You are viewing a plain text version of this content. The canonical link for it is here.

Posted to user@spark.apache.org by "Jain, Nishit" <nj...@underarmour.com> on 2016/11/03 15:53:10 UTC

How do I convert a data frame to broadcast variable?

I have a lookup table in HANA database. I want to create a spark broadcast variable for it.
What would be the suggested approach? Should I read it as an data frame and convert data frame into broadcast variable?

Thanks,
Nishit

Re: How do I convert a data frame to broadcast variable?

Posted by "Jain, Nishit" <nj...@underarmour.com>.

Awesome, thanks Silvio!

From: Silvio Fiorito <si...@granturing.com>>
Date: Thursday, November 3, 2016 at 12:26 PM
To: "Jain, Nishit" <nj...@underarmour.com>>, Denny Lee <de...@gmail.com>>, "user@spark.apache.org<ma...@spark.apache.org>" <us...@spark.apache.org>>
Subject: Re: How do I convert a data frame to broadcast variable?

Hi Nishit,

Yes the JDBC connector supports predicate pushdown and column pruning. So any selection you make on the dataframe will get materialized in the query sent via JDBC.

You should be able to verify this by looking at the physical query plan:

val df = sqlContext.jdbc(....).select($"col1", $"col2")

df.explain(true)

Or if you can easily log queries submitted to your database then you can view the specific query.

Thanks,

Silvio

________________________________
From: Jain, Nishit <nj...@underarmour.com>>
Sent: Thursday, November 3, 2016 12:32:48 PM
To: Denny Lee; user@spark.apache.org<ma...@spark.apache.org>
Subject: Re: How do I convert a data frame to broadcast variable?

Thanks Denny!

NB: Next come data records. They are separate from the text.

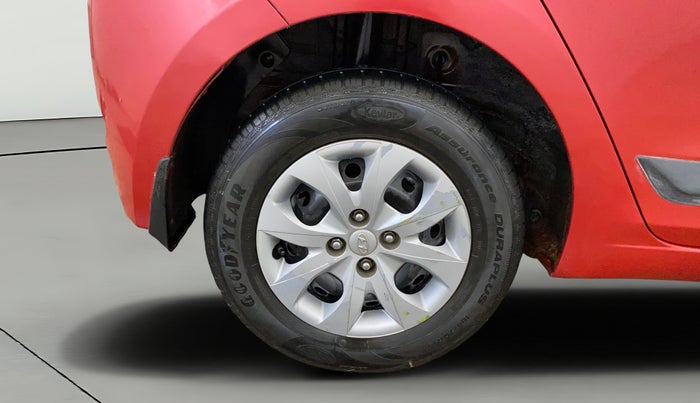 2016 Hyundai Elite i20 SPORTZ 1.2, Petrol, Manual, 86,447 km, Right Rear Wheel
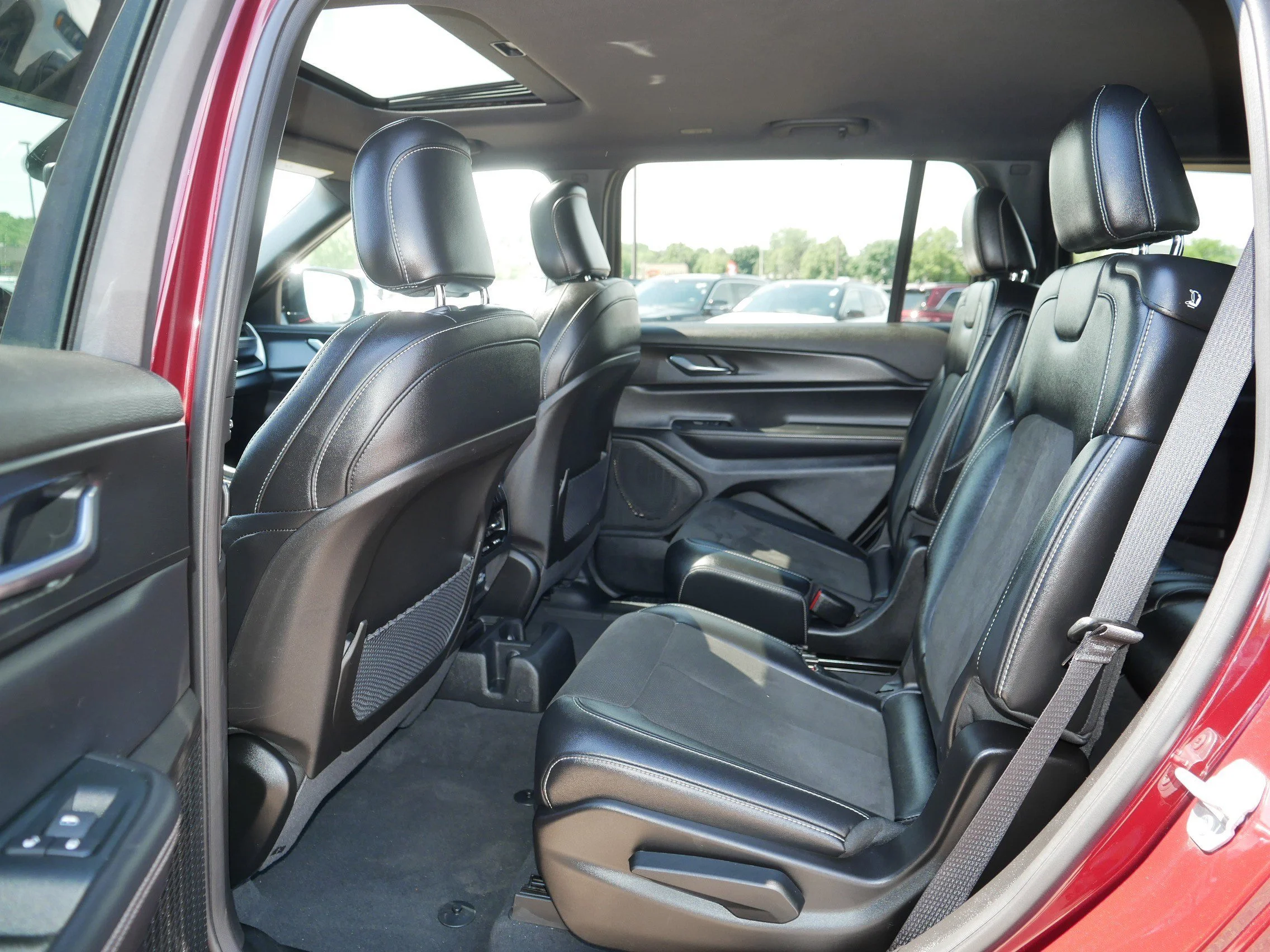 Used 2024 Velvet Red Pearlcoat Jeep Altitude X image 35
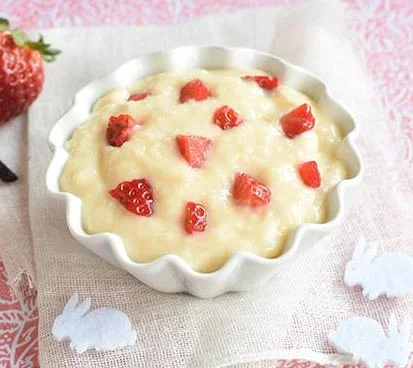 SEMOULE AU LAIT VANILLE-FRAISE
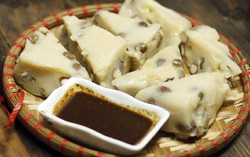 Ngon lành bánh đúc nhân lạc chấm tương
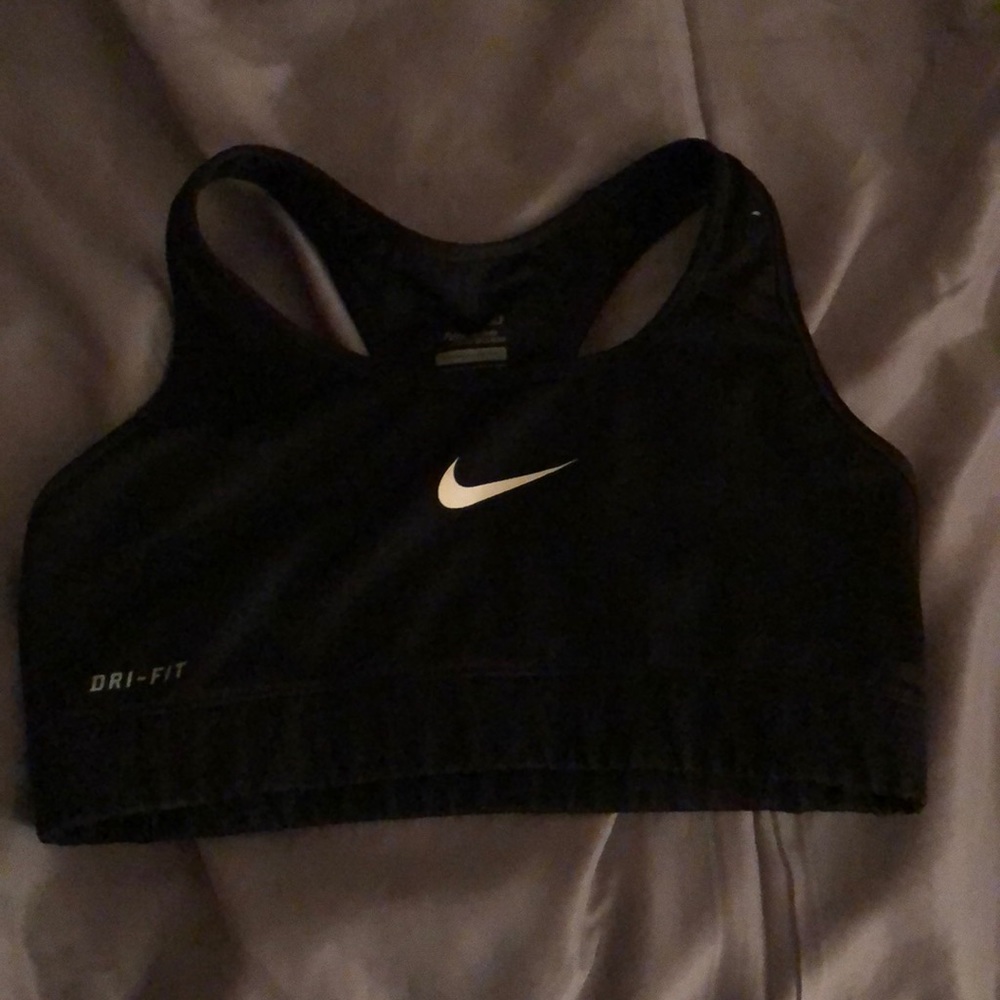 Nike dry fit black sports bra size small!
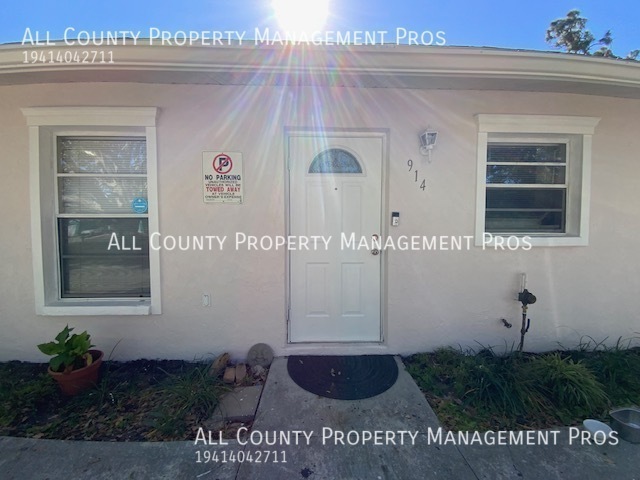 property at 914 Royal Palm Dr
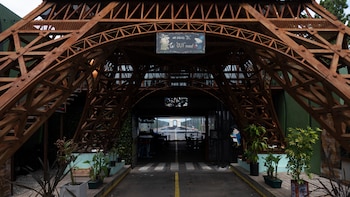 La bienvenida al espacio que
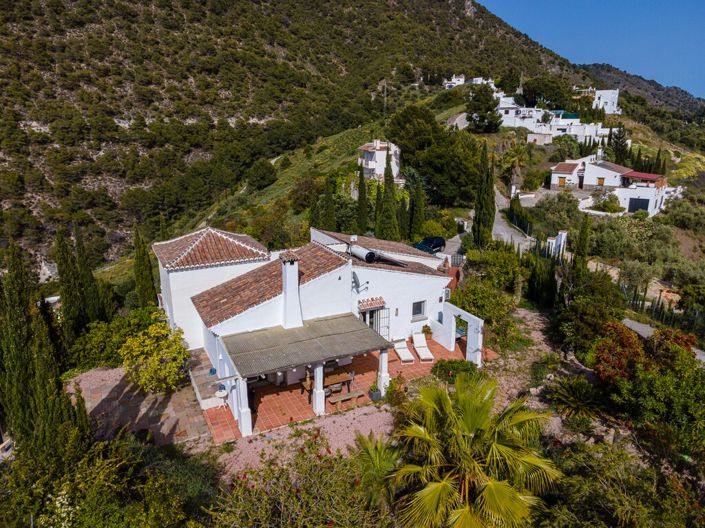 Image No.2-3 Bed Villa for sale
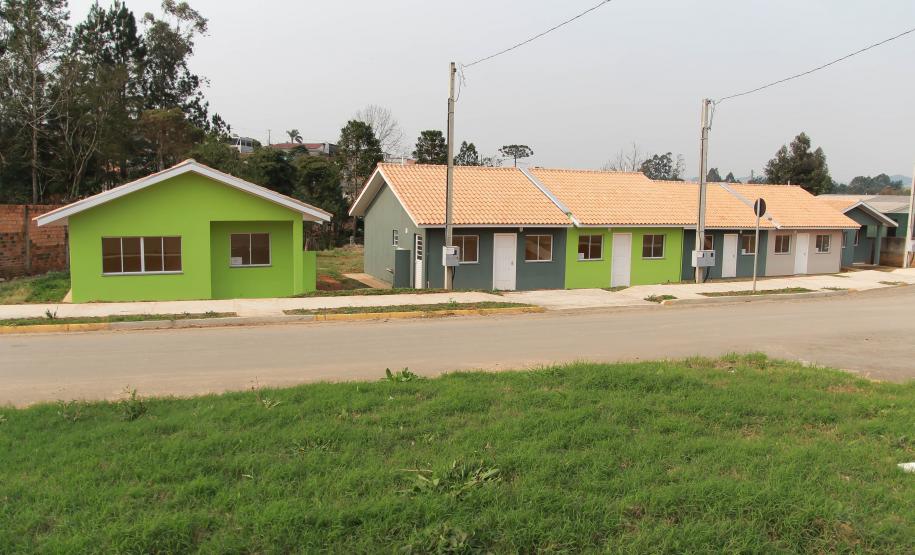 Na semana do Natal, Governo entrega mais 222 casas e novo condomínio do idoso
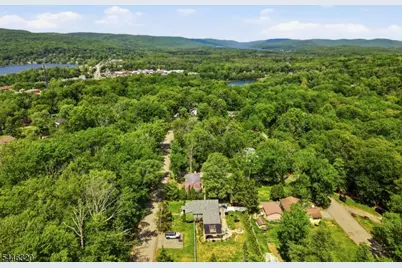 71 Center St, West Milford, NJ 07480 - Photo 5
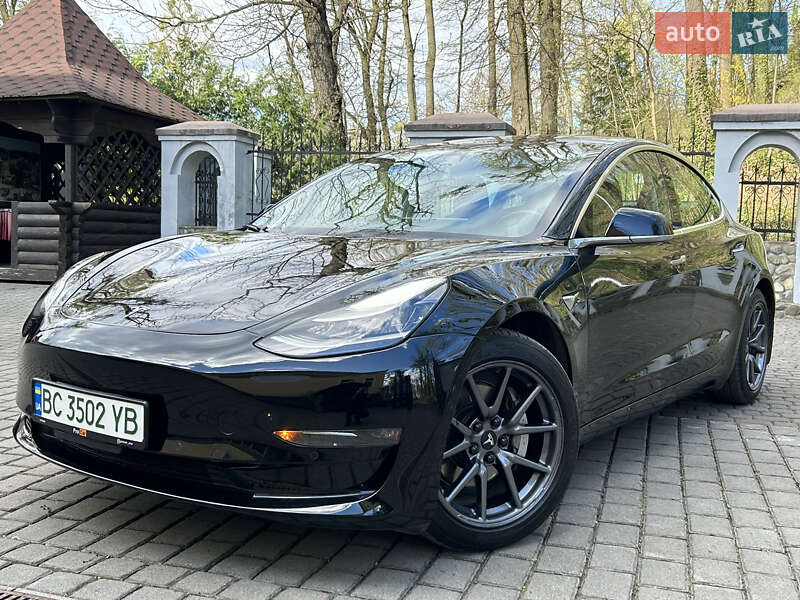 Седан Tesla Model 3 2018 в Львові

That does help. I will give that a shot.

Question: If I am going this route, I am wondering how can I only read few columns of a table (not whole table) from JDBC as data frame.
This function from data frame reader does not give an option to read only certain columns:
def jdbc(url: String, table: String, predicates: Array[String], connectionProperties: Properties): DataFrame

On the other hand if I want to create a JDBCRdd I can specify a select query (instead of full table):
new JdbcRDD(sc: SparkContext, getConnection: () ⇒ Connection, sql: String, lowerBound: Long, upperBound: Long, numPartitions: Int, mapRow: (ResultSet) ⇒ T = JdbcRDD.resultSetToObjectArray)(implicit arg0: ClassTag[T])

May be if I do df.select(col1, col2)  on data frame created via a table, will spark be smart enough to fetch only two columns not entire table?
Any way to test this?

From: Denny Lee <de...@gmail.com>>
Date: Thursday, November 3, 2016 at 10:59 AM
To: "Jain, Nishit" <nj...@underarmour.com>>, "user@spark.apache.org<ma...@spark.apache.org>" <us...@spark.apache.org>>
Subject: Re: How do I convert a data frame to broadcast variable?

If you're able to read the data in as a DataFrame, perhaps you can use a BroadcastHashJoin so that way you can join to that table presuming its small enough to distributed?  Here's a handy guide on a BroadcastHashJoin: https://docs.cloud.databricks.com/docs/latest/databricks_guide/index.html#04%20SQL,%20DataFrames%20%26%20Datasets/05%20BroadcastHashJoin%20-%20scala.html

HTH!

On Thu, Nov 3, 2016 at 8:53 AM Jain, Nishit <nj...@underarmour.com>> wrote:
I have a lookup table in HANA database. I want to create a spark broadcast variable for it.
What would be the suggested approach? Should I read it as an data frame and convert data frame into broadcast variable?

Thanks,
Nishit

Re: How do I convert a data frame to broadcast variable?

Posted by Silvio Fiorito <si...@granturing.com>.

Hi Nishit,


Yes the JDBC connector supports predicate pushdown and column pruning. So any selection you make on the dataframe will get materialized in the query sent via JDBC.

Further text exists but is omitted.